Tara Hayes on June 23rd, 2008 at 6:57 am #

you are BOTH amazing parents.

Lisa Richmond on June 23rd, 2008 at 7:57 am #

Did you ever think it was possible to LOVE someone this much??? Not until we had children did we really KNOW what it meant..unconditional love. and not until you become a parent do you realize how little sleep is required, that a shower is over rated,…and laundry…it will be there the next day..I think my only wonder as a parent now..is trying to remember what it was like to go home after work and actually just sit on the couch and watch tv all night 🙂

Your strength and wisdom will pull you through the small victories..they may be small, but every victory Ella makes..is still a victory!

Matt, Abby, Austin & Caed on June 23rd, 2008 at 8:15 am #

Therefore, since we have been justified through faith, we have peace with God through our Lord Jesus Christ, through whom we have gained access by faith into this grace in which we now stand. And we rejoice in the hope of the glory of God.

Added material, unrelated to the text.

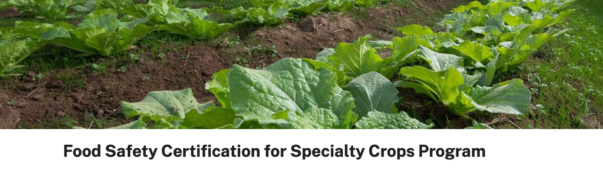 Specialty crop food safety costs to be reimbursed by USDA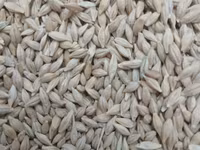 Уроондук арпа (Ячмень) сатылат НУТАНС 2-репродукция всхожость 95% — foto 1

Not only so, but we also rejoice in our sufferings, because we know that suffering produces perseverance; perseverance, character; and character, hope. And hope does not disappoint us, because God has poured out his love into our hearts by the Holy Spirit, whom he has given us.
Romans 5:1-5

Consider it pure joy, my brothers, whenever you face trials of many kinds, because you know that the testing of your faith develops perseverance. Perseverance must finish its work so that you may be mature and complete, not lacking anything. If any of you lacks wisdom, he should ask God, who gives generously to all without finding fault, and it will be given to him.
James 1:2-5

Blessed is the man who perseveres under trial, because when he has stood the test, he will receive the crown of life that God has promised to those who love him.
James 1:12

I know it’s hard not to compare Ella to other babies her age and I know you want the best for her. Stay in touch with God, get into His word, keep praying and know that we’re praying for you.

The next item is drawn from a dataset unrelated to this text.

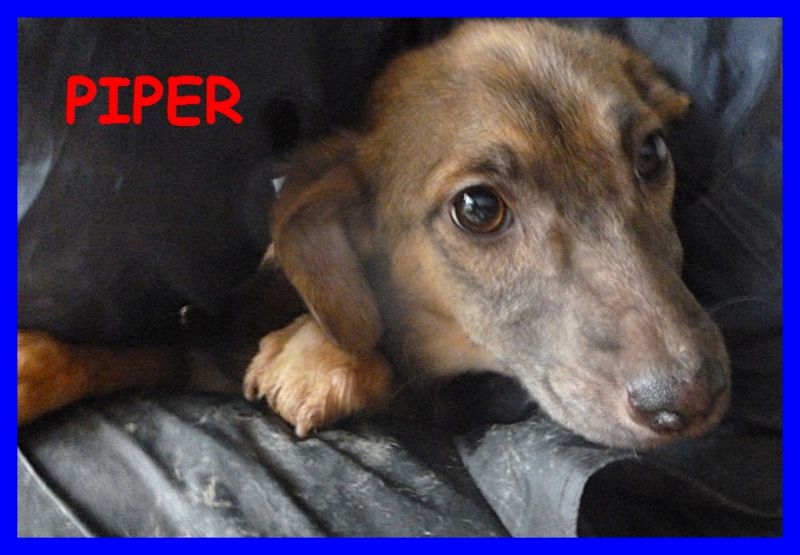 PIPER cucciolona dolcissima abbandonata sotto la pioggia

Eve Johnson on June 23rd, 2008 at 8:24 am #

Thank your for sharing your heart today. It reminds us all that your family still travels a difficult road, and helps us direct our prayers to your needs.

Kara on June 23rd, 2008 at 12:50 pm #

Tina, I remember after I had Deanna being very alone. I had no family and all my friends had graduated and moved on and there I was with a two year old and new born. Rob was working full time and taking 18 hours at school so he wasn’t around either. The only thing that kept me going was the thought of all those women having and raising babies out on the frontier and on the wagon trains. At least I could go to the store and talk to people or turn on the TV and hear adults talk. AND I had electricity and indoor plumbing. Those women were completely alone. Sometimes giving birth by themselves. Now that had to have been hard. And then they had to get up and make dinner. Sometimes you have to go way back in time to find people that had it worse. But they are out there. So all that was to say I know how hard it can be to feel alone with a child that can’t talk to you who requires a lot of work. Of course you have the work of two in one. The one thing I wish I had done was to make a time when I left the house every week. Weather to take a class or go to the bar with a friend. If I had taken more breaks I think I would have done a lot better. Take your breaks and don’t feel guilty about it. It keeps you sane and that makes you a better mom.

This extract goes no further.